A school that sets its expectations high and then backs them up with outcomes. In 2024, 93% of pupils met the expected standard in reading, writing and mathematics combined, far above the England average of 62%. That strength is reflected in FindMySchool’s primary performance ranking, where the school sits 430th in England and 1st in Southampton, a level that places it well above England average (top 10%).
Daily life is shaped by a clear identity, Architects of a Better World is used as a shared language for belonging, responsibility and ambition. External review paints a consistent picture: calm corridors, respectful relationships, and strong pastoral organisation, alongside a curriculum that has been carefully sequenced and strengthened through federation collaboration.
It is also popular. For Reception entry, the most recent local admissions data provided here shows 84 applications for 30 offers, around 2.8 applications per place. For families shortlisting, the challenge is rarely whether the education is strong, it is whether admission is realistic from your address.
The tone is purposeful but not brittle. The latest report describes a happy school with warm, mutually respectful relationships and a noticeable calmness, including at social times. That matters in a primary setting, because the best learning climates are built on predictability, trust and routines that pupils understand.
Leadership is structured across the wider Learning Federation Partnership of Schools, with Gerida Montague MBE named as executive headteacher and Miss Sarah Hendricks as co-headteacher in the most recent inspection documentation. In practice, this model tends to show up in consistent systems across classrooms, shared professional development, and a sense that staff are working from a common playbook rather than a collection of individual preferences.
Pupil leadership is a defining thread. Rather than limiting responsibility to Year 6 monitors, the school formalises roles for pupils, including e-cadets, reading ambassadors and play leaders.
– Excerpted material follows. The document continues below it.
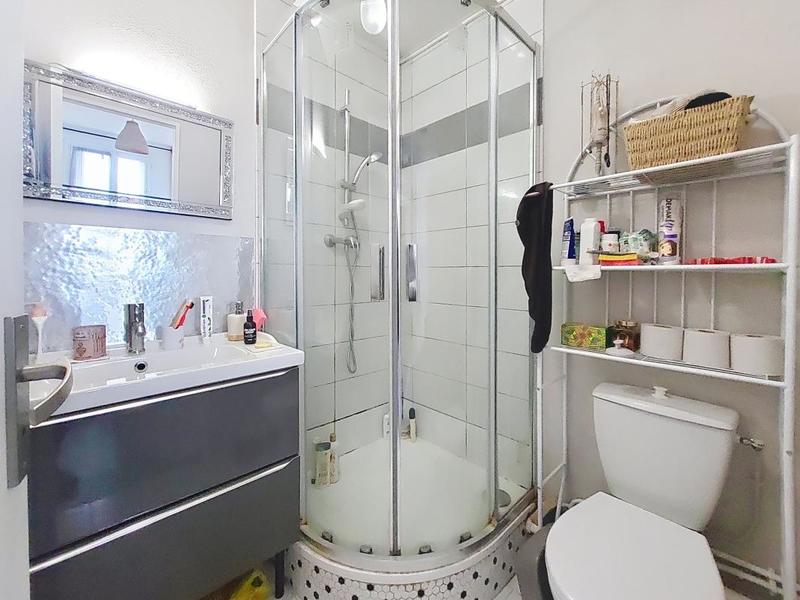 Appartement - 2 pièces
This can be more than a badge, done well it becomes a practical route to confidence, social responsibility, and the habit of looking out for others.
Nursery provision is part of the overall character rather than a bolt-on. Early years was judged outstanding in the most recent inspection, which aligns with a school story that begins early, builds habits in communication and early reading, then carries those habits through Key Stage 1 and into Key Stage 2.
This is a high-performing primary in terms of published attainment. In 2024, 93% of pupils met the expected standard in reading, writing and mathematics combined, compared with the England average of 62%. At the higher standard, 47.67% achieved greater depth in reading, writing and mathematics, compared with an England average of 8%. Those are large gaps and, for parents, they typically translate into classrooms where a significant proportion of pupils are working confidently at or above age-related expectations.
The scaled scores reinforce that impression. Reading averaged 110, mathematics 109, and grammar, punctuation and spelling 111. For context, scaled scores are standardised with 100 as a central reference point, so figures in the high 100s are consistent with strong attainment.
FindMySchool’s ranking, based on official data, places the school 430th in England and 1st in Southampton for primary outcomes. With an England percentile around 2.84%, it performs well above England average (top 10%). Parents comparing nearby options can use the FindMySchool Local Hub page and Comparison Tool to view these outcomes side-by-side across local schools.
One final, practical note, results are strongest when they are sustainable. The latest inspection identifies a specific next step: in some subjects, teachers do not always use assessment precisely enough, which can mean some pupils do not remember prior learning in sufficient detail. For parents, that is less about headline scores and more about whether subject leaders can tighten classroom checks so knowledge sticks consistently across the whole curriculum.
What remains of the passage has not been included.